洋紙が100年程度に対し1000年は持ちます。これには、紙の酸性度が大きく関係しています。
洋紙はインクのにじみを防ぐため硫酸アルミニウムを使うので、酸性紙(Ph3〜6)なのです。そのため、今世界中の図書館で本がぼろぼろになる現象が起き、その対策に追われています。最近では中性紙など酸化しない紙も普及してきていますね。

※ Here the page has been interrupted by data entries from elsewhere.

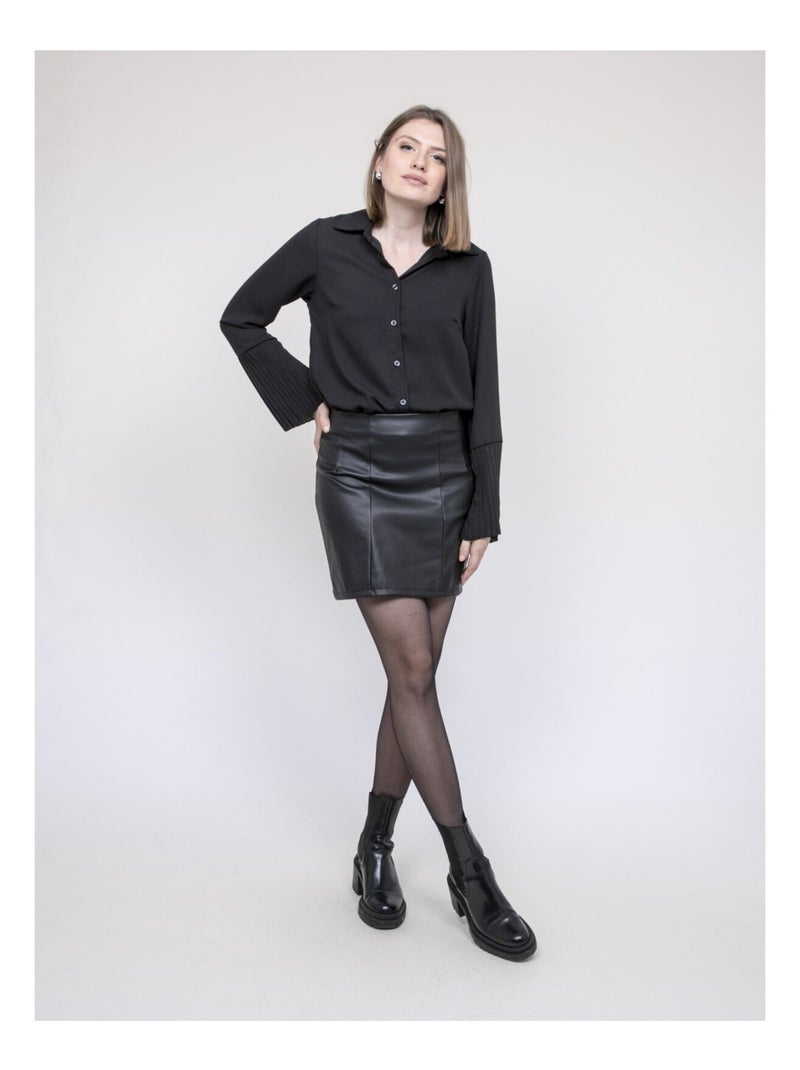 Camicia maniche plissettate OVIDE Nero - Kiabi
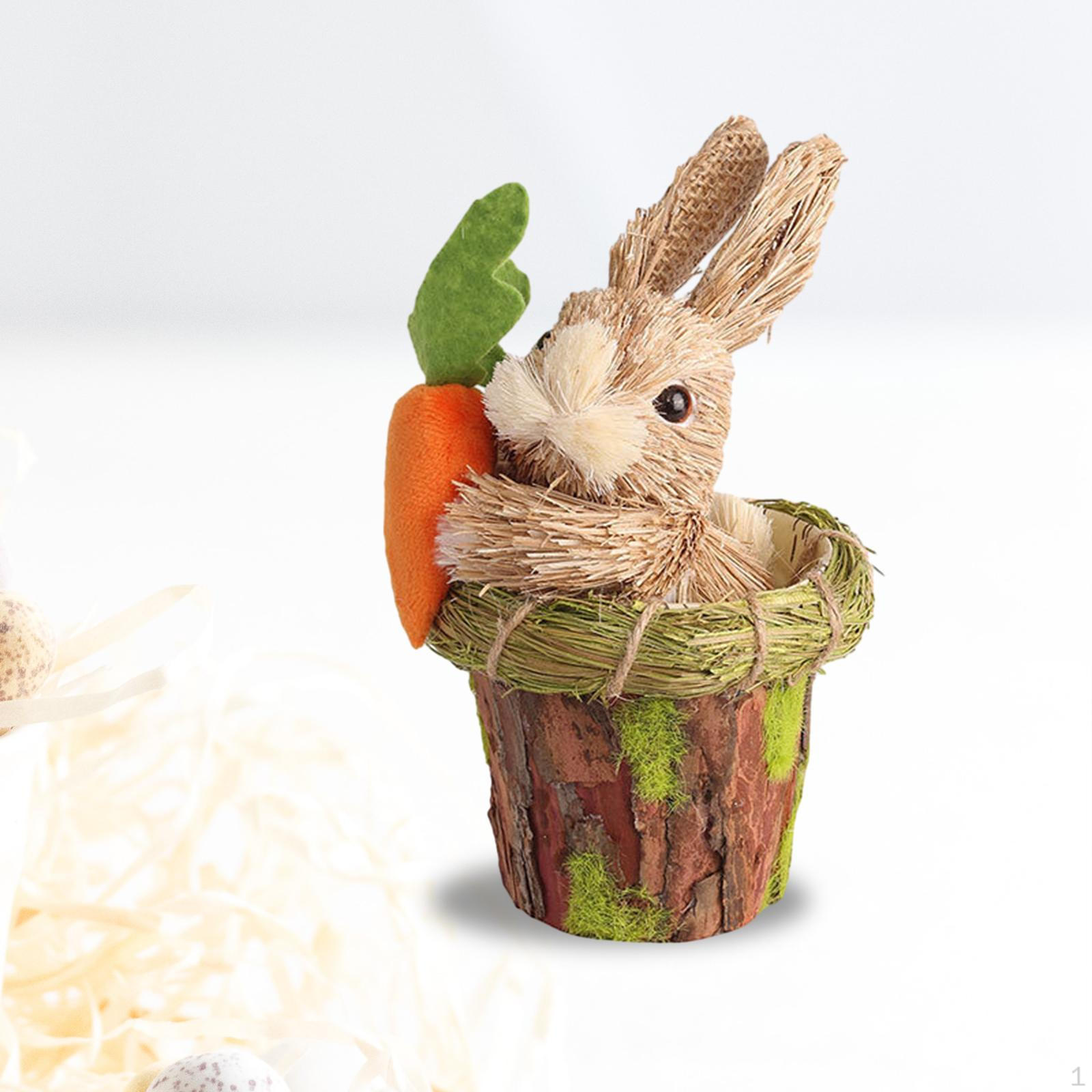 

Соломенная скульптура кролика ручной работы для домашнего декора 9.5cmx11cmx17cm
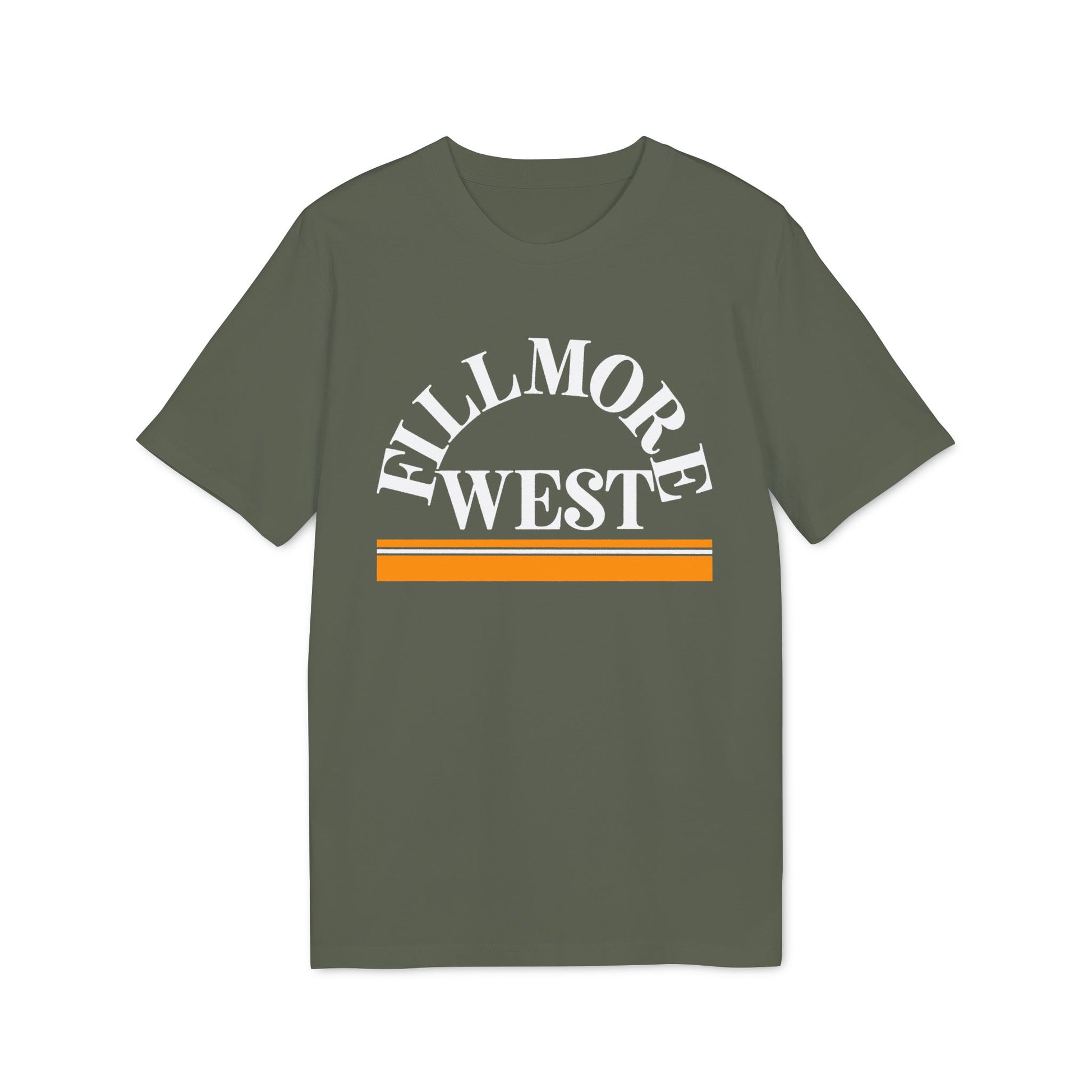 Green t-shirt with white "FILLMORE WEST" text and orange stripes.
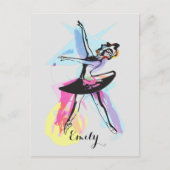 Ballerina Dancer Waterverf Gepersonaliseerd Briefk Briefkaart (Voorkant)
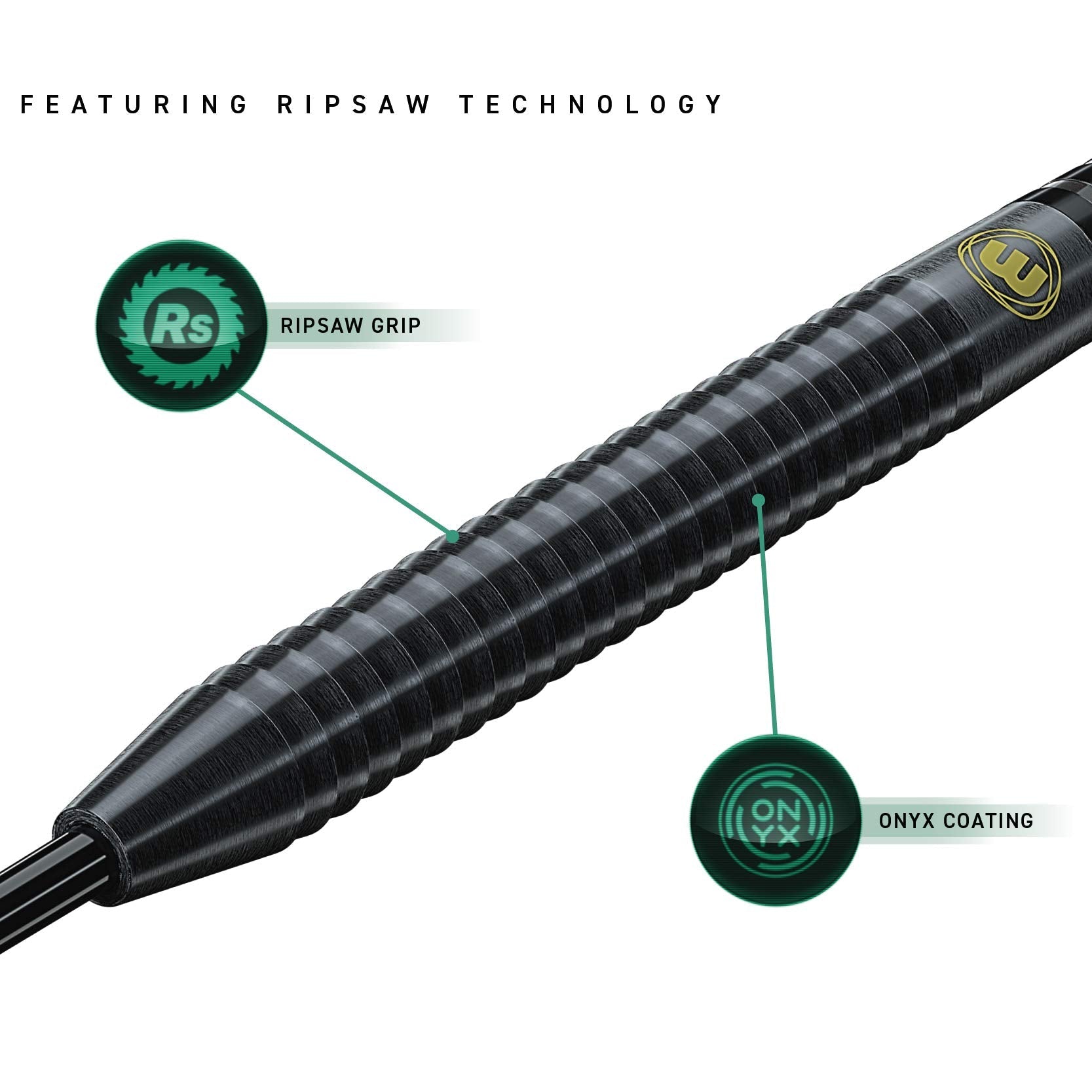 WINMAU Sabotage Onyx 22g Tungsten Steeltip Darts Set with Prism Flights and Shafts (Stems)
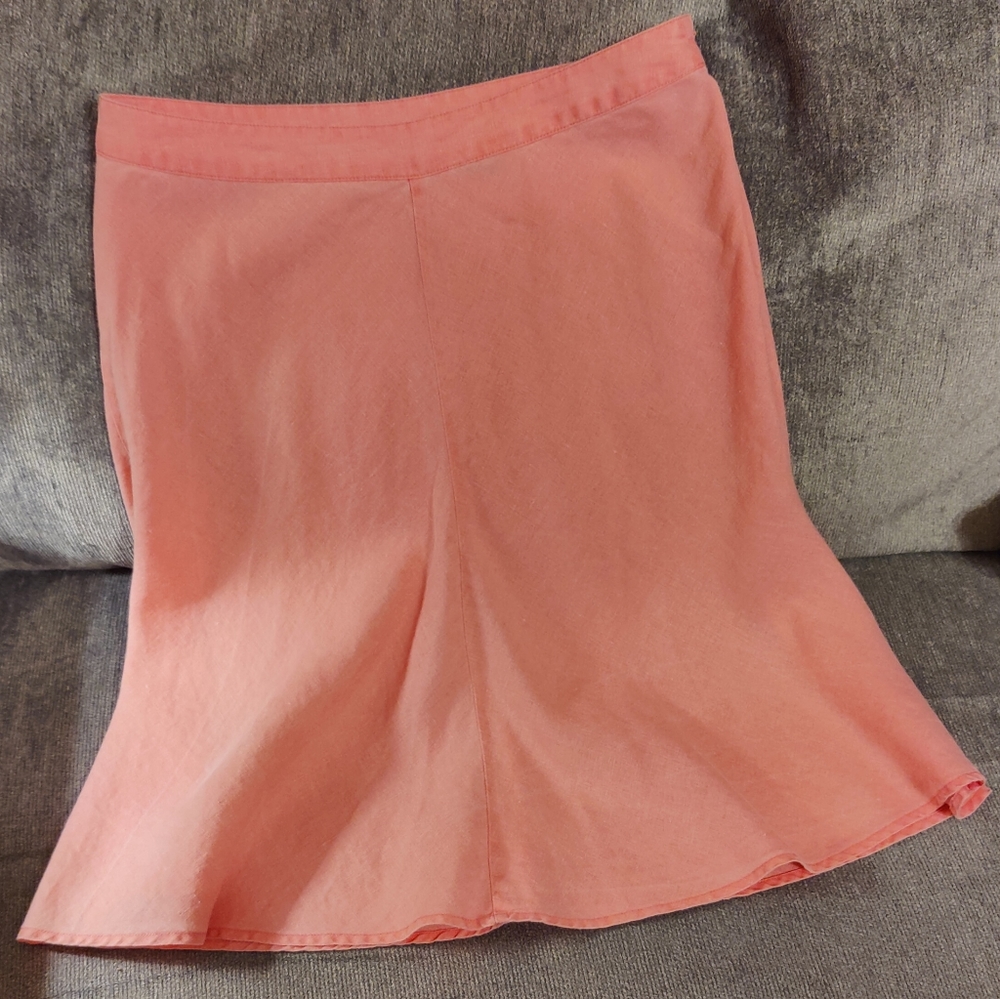 Mossimo Light Salmon Color Linen A Line Midi Skirt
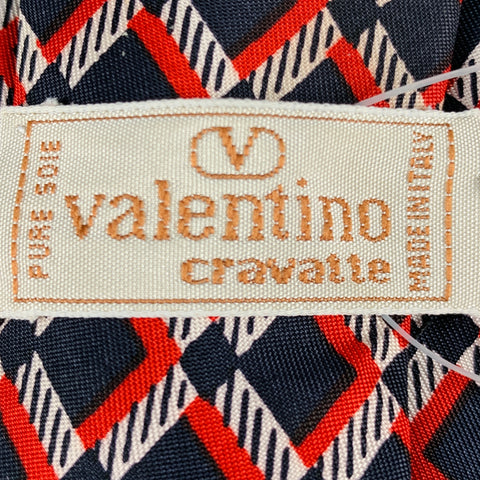 VALENTINO Navy Red Checkered Silk Tie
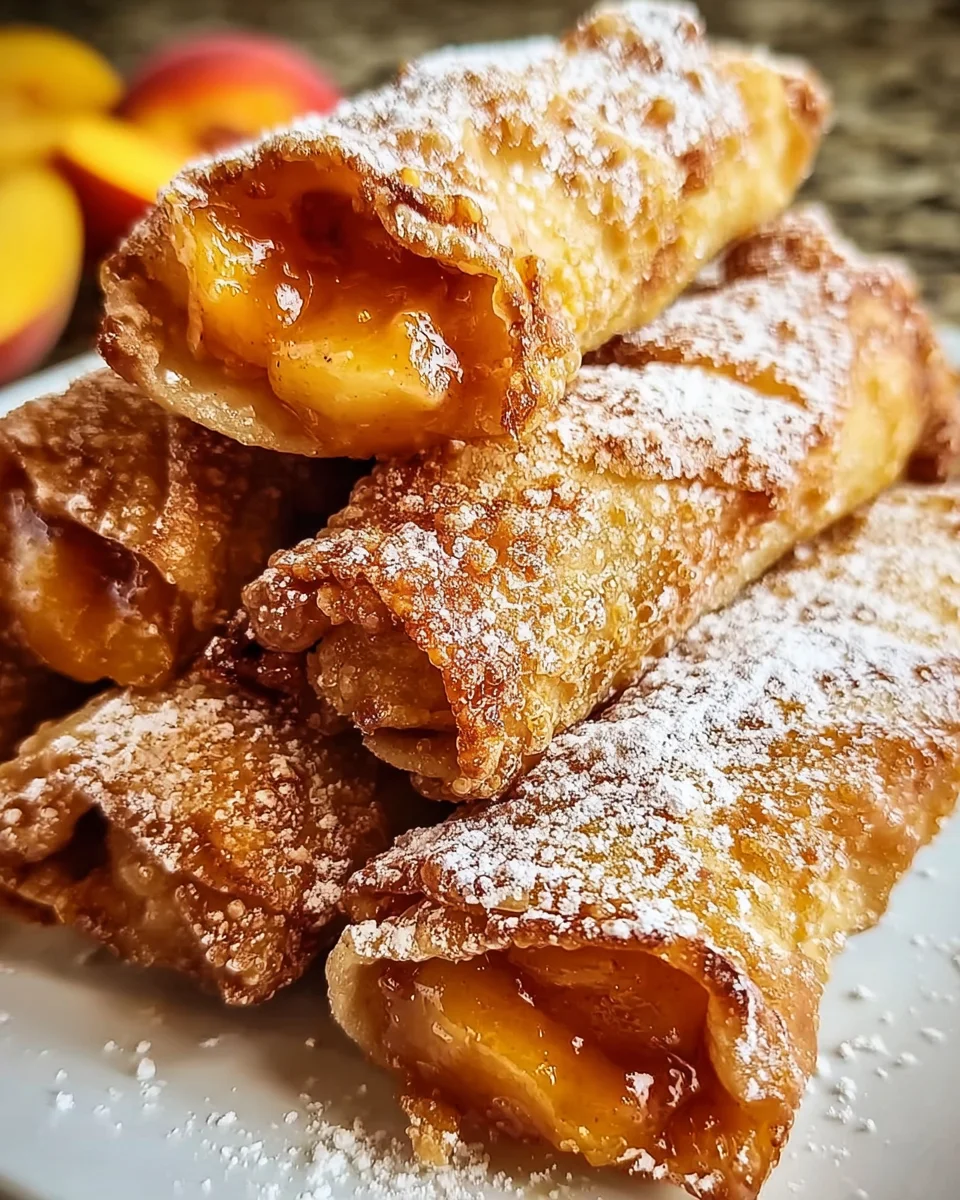 Crispy Peach Cobbler Egg Rolls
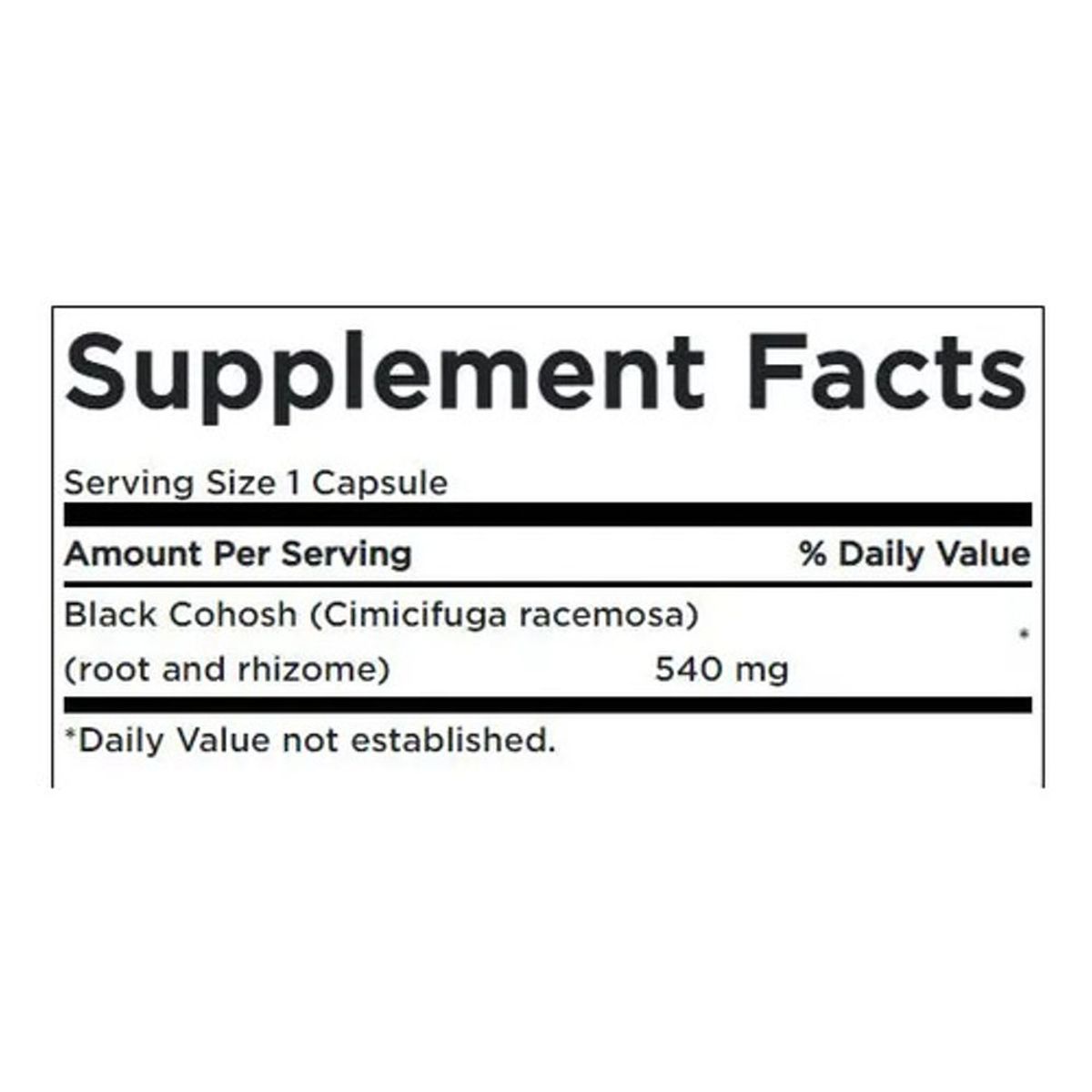 GENERICO - Swanson Full Spectrum Black Cohosh Suplemento De Cohosh Negro 540mg, 60 Cápsulas Sin Sabor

一方、和紙は楮(こうぞ:桑の仲間:Broussonetia Kazinoki)や三椏(みつまた:Paper-Bush)の皮から不純物を取るため苛性ソーダで煮ます。そのためアルカリ紙(Ph8〜10)なのです。

土佐の
典具帖紙(てんぐじょうし)って知っています?
別名「カゲロウの羽」とも呼ばれる、世界でいちばん薄い紙(20μm)です。
バチカンのミケランジェロ大壁画などの文化財の修理にも用いられ、いまや世界中の図書館での修復に欠かせないものになっています。

さて、紙といえば
リサイクルの優等生ですね。では、いつ頃から紙はリサイクルされていたのでしょう?
驚く無かれ、平安時代からなのです。
平安時代には「
紙屋院」という官立の紙の製造所がありました。
最初は新しい紙を作っていたのですが、地方勢力の台頭により原料が不足し、「
宿紙」(しゅくし)と呼ばれる再生紙を製造するようになります。

江戸時代には「
浅草紙」と呼ばれる粗悪な再生紙の製造所ありました。
浅草近辺から日本堤、やがて山谷(さんや)一帯に広がったようです。
ここで、江戸時代に詳しい人はピンと来るでしょう。(^_-) そう、あの遊郭吉原のすぐそばです。
紙漉き職人は煮沸した製紙原料を水に浸し、それが冷える間に近くの吉原遊郭を一回りしました。
これが「
ひやかし」「ひやかす」の語源です。